L-Tyrosine, 3,5-dinitro-

Administrative data

Endpoint:

acute toxicity: oral

Type of information:

experimental study

Adequacy of study:

key study

Reliability:

1 (reliable without restriction)

Rationale for reliability incl. deficiencies:

guideline study

Data source

Materials and methods

GLP compliance:

yes (incl. QA statement)

Test type:

acute toxic class method

Limit test:

yes

Test material

Test animals

Species:

rat

Strain:

Wistar

Sex:

female

Details on test animals or test system and environmental conditions:

Source: Slovak Academy of Sciences Dobrá Voda, Slovak Republic
Number of animals: 6 female
Age: 8-9 weeks; female animals were non-pregnant and nulliparous
Acclimation period: 5 days
Temperature: 22.31 ± 0.15 °C
Humidity: 53.60 ± 2.89 %
Light regimen: 12-hour light /12-hour dark cycle

Administration / exposure

Route of administration:

oral: gavage

Vehicle:

olive oil

Details on oral exposure:

The required amount of the test item (according to the body weight and dose) was mixed with vehicle (Olive oil) shortly before administration. The dose of 2000 mg/kg was administered in a volume of 5 mL/kg body weight.
The test item was administered in a single dose by gavage using a metal stomach tube. Animals were fasted 10-12 h prior to dosing (food but not water was withheld over-night). Following a period of fasting, animals were weighed and the test item administered. After test item administration, food was withheld for further 3-4 hours.

Doses:

2000 mg/kg bw

No. of animals per sex per dose:

6 females per dose

Control animals:

not specified

Details on study design:

Clinical Observation:
Animals were observed individually immediately after administration of the test item and 0.5, 1, 2, and 4 hours later.

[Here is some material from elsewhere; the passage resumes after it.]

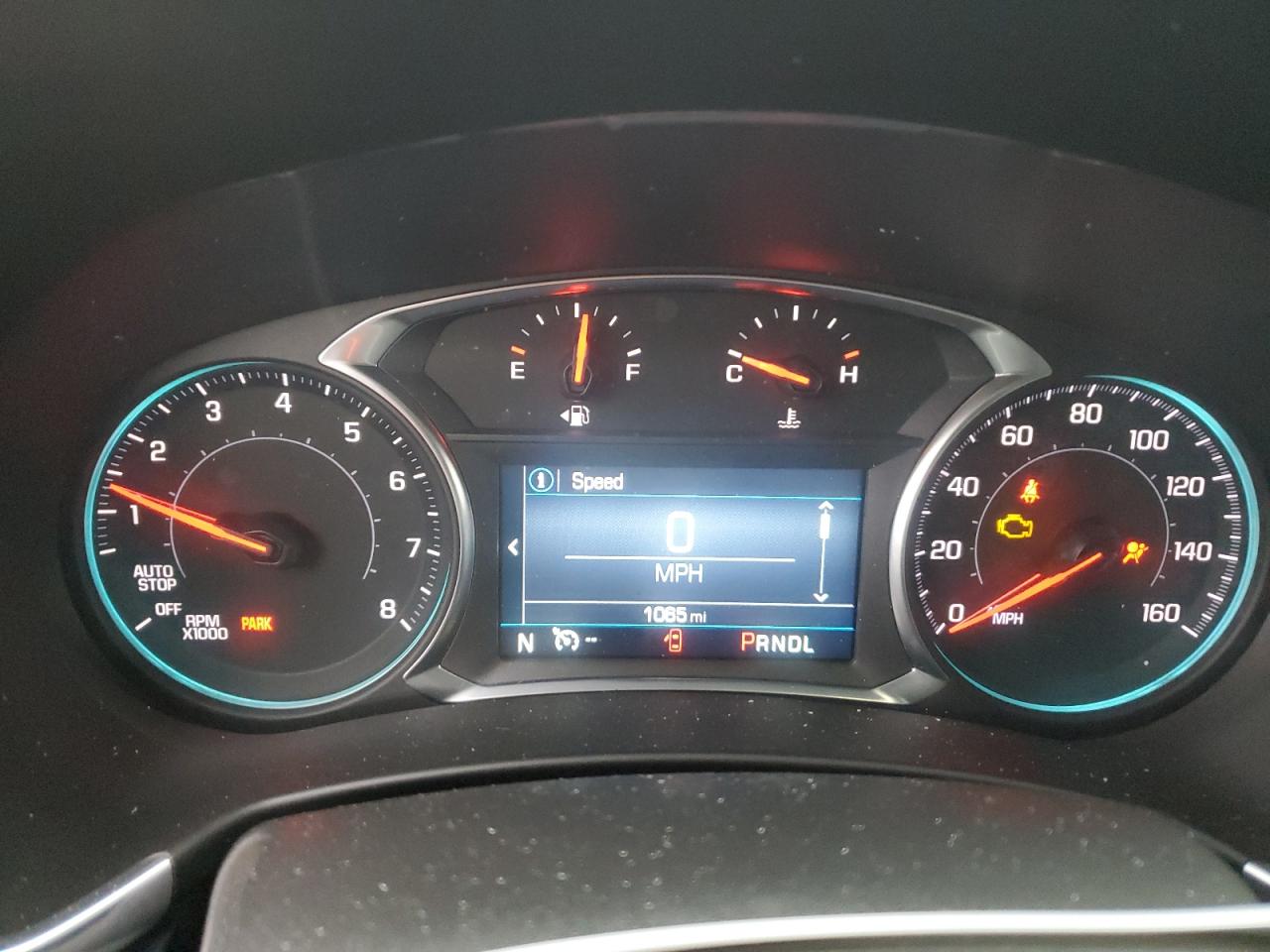 2024 CHEVROLET EQUINOX LT VIN:3GNAXKEG9RS129725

Each animal was inspected daily for the next 14 days.
Observations included: changes in skin, fur, eyes, mucous membranes, respiratory, circulatory, autonomic and central nervous systems, somatomotor activity, and behavioural pattern. Particular attention was given to potential neurologic endpoints such as tremors, convulsions, salivation, diarrhoea, lethargy, sleep and coma.


Body Weight:
Individual weights of animals were measured immediately prior to administration of the test item and weekly thereafter. Weight differences after first and second weeks after administration were calculated and recorded.

Necropsy:
All test animals were subjected to gross necropsy and the results were recorded for each animal. Examinations included: external body surface and orifices, the appearance of tissues and organs in the thoracic cavity (trachea, esophagus, heart, aorta, lungs with main stem bronchi, thymus, tracheobronchial lymph node) and in the abdominal cavity (liver, spleen, adrenal glands, kidneys, ovaries, uterus including cervix, urinary bladder, small intestine, large intestine, pancreas, stomach, mesenteric lymph nodes).

Results and discussion

Mortality:

All (6/6 females) animals survived the limit dose of 2000 mg/kg body weight.

Clinical signs:

other: No mortality was observed during the study. During the follow up period, no animals displayed signs of intoxication, change of health, nor any other adverse reaction.

Gross pathology:

All animals were necropsied. During necropsy, no macroscopic findings were observed.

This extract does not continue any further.